Predicting bioconversion from physical and chemical characteristics of multiple lignocellulosic biomass types

Blending biomass is a concept that allows incorporation of additional biomass into the bioenergy supply chain rather than relying on a single, abundant, low-cost feedstock. Quality and variability become increasingly important as the range of feedstocks used for bioenergy broadens. Understanding the relationships between feedstock quality attributes and conversion is important for supplying feedstock that meets conversion needs.
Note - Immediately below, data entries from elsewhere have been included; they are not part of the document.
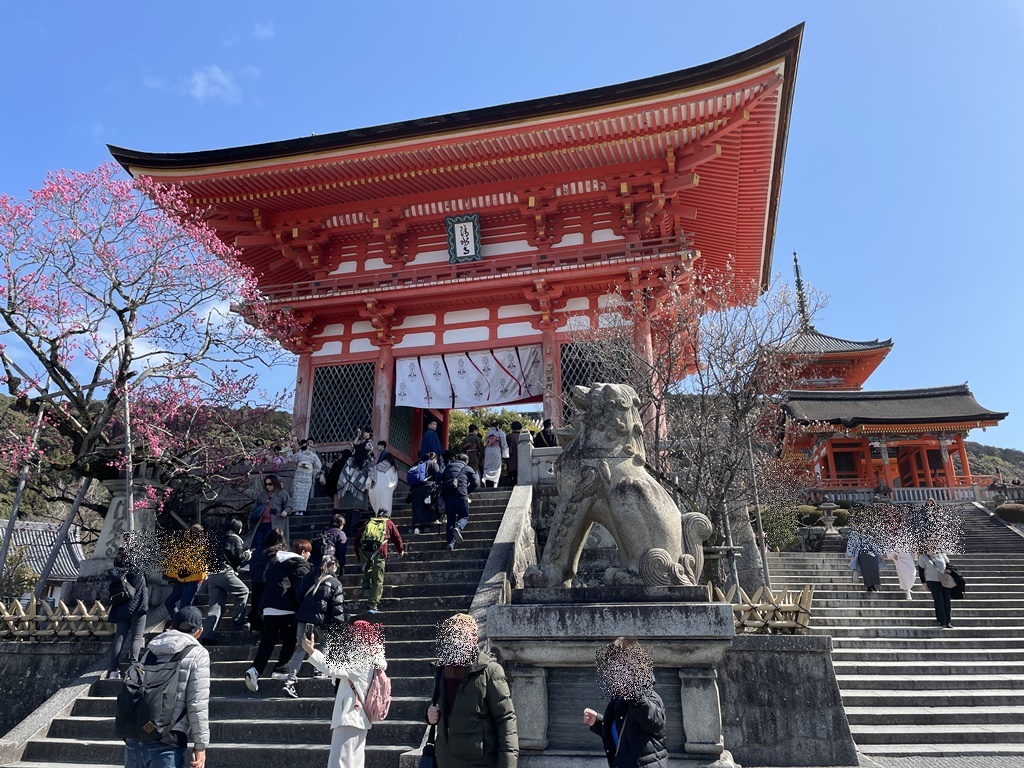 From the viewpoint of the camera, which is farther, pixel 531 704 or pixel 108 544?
pixel 108 544

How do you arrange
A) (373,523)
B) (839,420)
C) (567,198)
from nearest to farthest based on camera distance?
1. (373,523)
2. (567,198)
3. (839,420)

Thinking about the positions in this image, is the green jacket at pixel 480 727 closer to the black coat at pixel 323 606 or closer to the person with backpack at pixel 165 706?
the person with backpack at pixel 165 706

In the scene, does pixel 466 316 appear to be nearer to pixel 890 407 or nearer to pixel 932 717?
pixel 932 717

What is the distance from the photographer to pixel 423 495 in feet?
30.3

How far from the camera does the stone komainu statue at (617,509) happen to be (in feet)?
13.5

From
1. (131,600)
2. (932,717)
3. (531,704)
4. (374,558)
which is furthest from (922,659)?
(131,600)

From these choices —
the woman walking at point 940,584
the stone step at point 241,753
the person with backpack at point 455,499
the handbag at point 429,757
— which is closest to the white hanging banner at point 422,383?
the person with backpack at point 455,499

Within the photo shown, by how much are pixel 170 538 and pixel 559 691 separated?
284 inches

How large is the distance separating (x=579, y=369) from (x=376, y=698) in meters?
9.90

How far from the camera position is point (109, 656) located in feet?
22.4

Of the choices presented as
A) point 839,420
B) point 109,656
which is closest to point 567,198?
point 109,656

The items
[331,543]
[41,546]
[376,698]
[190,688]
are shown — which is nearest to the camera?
[190,688]

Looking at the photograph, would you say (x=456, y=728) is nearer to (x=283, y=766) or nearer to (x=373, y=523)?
(x=283, y=766)

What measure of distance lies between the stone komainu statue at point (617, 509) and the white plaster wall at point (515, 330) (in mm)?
9084
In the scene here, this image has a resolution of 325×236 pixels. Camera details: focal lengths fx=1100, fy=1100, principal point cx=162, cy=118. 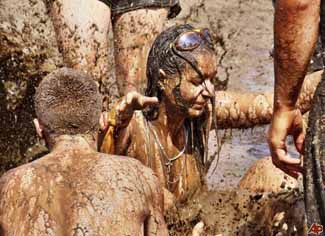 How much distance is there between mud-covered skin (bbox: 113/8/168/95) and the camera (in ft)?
23.4

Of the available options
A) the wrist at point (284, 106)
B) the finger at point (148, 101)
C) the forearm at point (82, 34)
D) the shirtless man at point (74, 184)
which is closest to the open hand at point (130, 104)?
the finger at point (148, 101)

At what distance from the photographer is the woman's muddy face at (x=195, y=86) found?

The project objectives were to develop models to predict convertibility of dilute-acid pretreated biomass from physical and chemical characteristics of biomass, and determine characteristics most important for prediction of convertibility. Models will further be applied to predict conversion of blended feedstocks. Thirteen samples were included in the models from seven biomass types, including corn stover, switchgrass, Miscanthus, lawn clippings, sorghum, wheat straw, and non-recyclable paper. Physical and chemical properties measured were composition, fuel properties, particle size, and elemental ash. The response variables used to develop the conversion models were glucose and xylose released from pretreatment and enzymatic hydrolysis. Predictor variables determined to have the greatest impact on conversion based on this preliminary dataset were comprised mostly of composition and fuels properties variables. Partial least-squares regression models could be formed to predict sugar yields from dilute-acid pretreatment and enzymatic hydrolysis based on physical and chemical properties; however, results are preliminary due to a limited number of calibration samples. Future work will focus on (1) adding more calibration samples and predictor variables, including pore area, water retention value, and lignin functional groups, and (2) reselecting important predictor variables based on a larger calibration set.